While your breasts go up in the first few days after birth, the fluid level in the rest of your body have to come down. Both the extra water in your cells and the extra blood in your pregnant body will be looking for any way out. You thought you peed a lot during pregnancy? You’ll be producing a crazy three quarts of urine a day in the first week after birth! It’s also common to sweat a lot, both day and night, and to feel almost feverish as your body temperature readjusts to new hormone levels.
Right after a vaginal delivery, the idea of anything coming out “down there” feels a little traumatic. Your entire pelvic area will experience some shock in the first few days, including the bladder. You likely will not be very sensitive to your urge to pee in the first few days. Go anyway. If your bladder gets too full, it can actually prevent urination. The upside is that after about a week of all this, most women have lost another 4-6 lbs in water weight.
Your vagina and perineum will likely be swollen, bruised, but also numb. The swelling will go down significantly in a few days and small tears heal surprisingly fast. Larger tears, stitches, and episiotomies will need time. Your bowels will need a bit of time as well. Many women don’t poop for a few days after birth. It is suggested to take a stool-softener to help go a little easier. At the hospital, they’ll provide you with some, but don’t forget to buy some for home too.
In the first few days after giving birth, expect to bleed like a heavy menstrual flow. The flow, called “lochia,” should change to a more pinkish and watery consistency towards the end of the first week postpartum. Although every woman is different, one sign that you are overdoing it can be an increase in your flow. From about 2 weeks to a month, your flow will look yellow to white as your body finishes the job of cleaning out the uterus.
Other changes you might experience are farther away from the action. Your hair has been delaying its normal shedding cycle because of the higher levels of estrogen. In the months to come, don’t be alarmed as your head makes up for lost time shedding hair. Your skin, as a result of hormones, fatigue, and stress, will likely experience some changes, too. Be patient, things usually normalize in a few months.
Of all the dramatic changes going on, the most intense and profound will likely be your feelings.

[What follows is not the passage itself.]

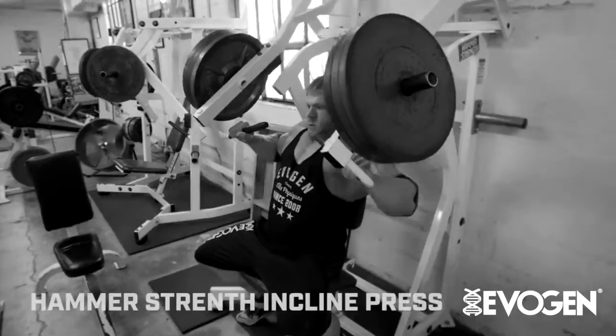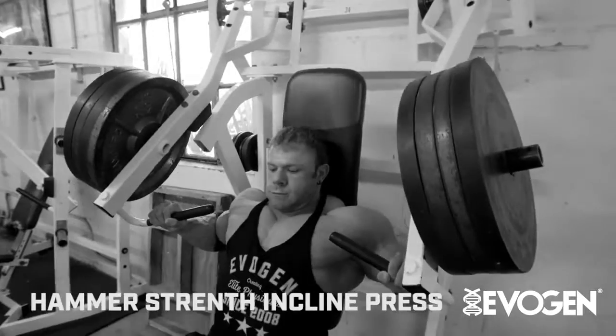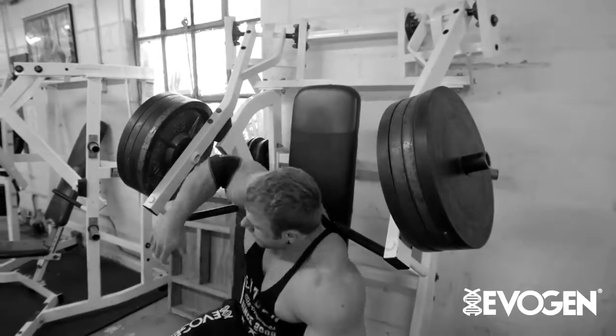What I'm doing today for chest is hammer strength incline. This is very common for me to start out with this. Basically, I just keep throwing a plate on each time, warm it up, and I'll end up doing three to four reps.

Bonding with your baby happens at different rates for everyone, but expect your heart to be full to exploding with all kinds of emotions: joy, love, awe, concern, confusion, and even sadness or loss. Just as the incredible highs of meeting your new baby are completely normal, so are lower feelings of worry, anxiety, and overwhelm. Occurring a few days after birth, the “Baby Blues” are a natural result of the huge change in hormones and the stress your body has experienced. But Baby Blues only last a few days, but no more than a few weeks. If low feelings continue past that point, or you start feeling low at 10 days or later, you are experiencing postpartum depression. Unlike the baby blues, PPD doesn’t resolve on its own. Don’t delay in getting help, your body needs it.
Your body is amazing. Though it might not feel like it, it is gracefully handling so many huge changes at an incredible pace. Much of what is happening can’t be seen from the outside. So when you do look at yourself in the mirror, try to remember all that your body has had to deal with. Be grateful for all your body has done and patient with all it has yet to do. Finally, be gentle with yourself for the rest of the process.